====== Records to process

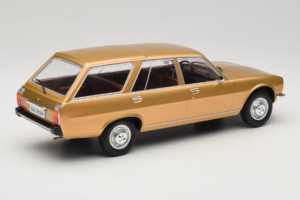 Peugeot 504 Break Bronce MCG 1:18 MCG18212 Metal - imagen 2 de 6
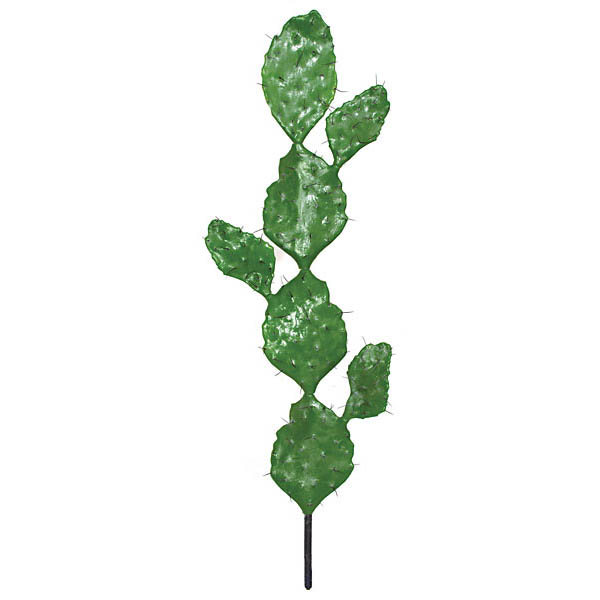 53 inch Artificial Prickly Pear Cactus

============
====== Records to process

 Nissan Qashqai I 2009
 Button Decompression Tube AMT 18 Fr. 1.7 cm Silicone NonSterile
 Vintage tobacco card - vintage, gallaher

============
====== Records to process

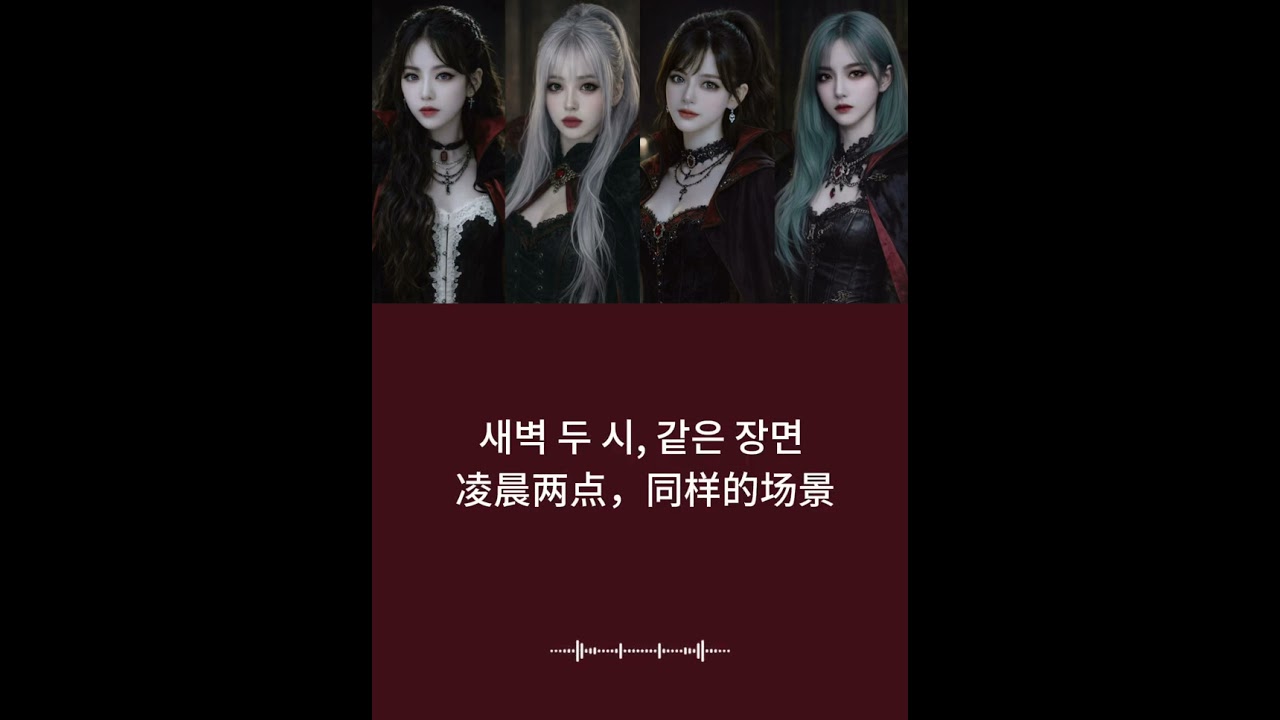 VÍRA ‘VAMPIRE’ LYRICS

============

▶ [Exercise objective]: There is a run of lines above from the one with "Nissan Qashqai I 2009" to the one with "Vintage tobacco card - vintage, gallaher"; print exactly that run, both ends included, and nothing else.

▶ [Response to this task]:
 Nissan Qashqai I 2009
 Button Decompression Tube AMT 18 Fr. 1.7 cm Silicone NonSterile
 Vintage tobacco card - vintage, gallaher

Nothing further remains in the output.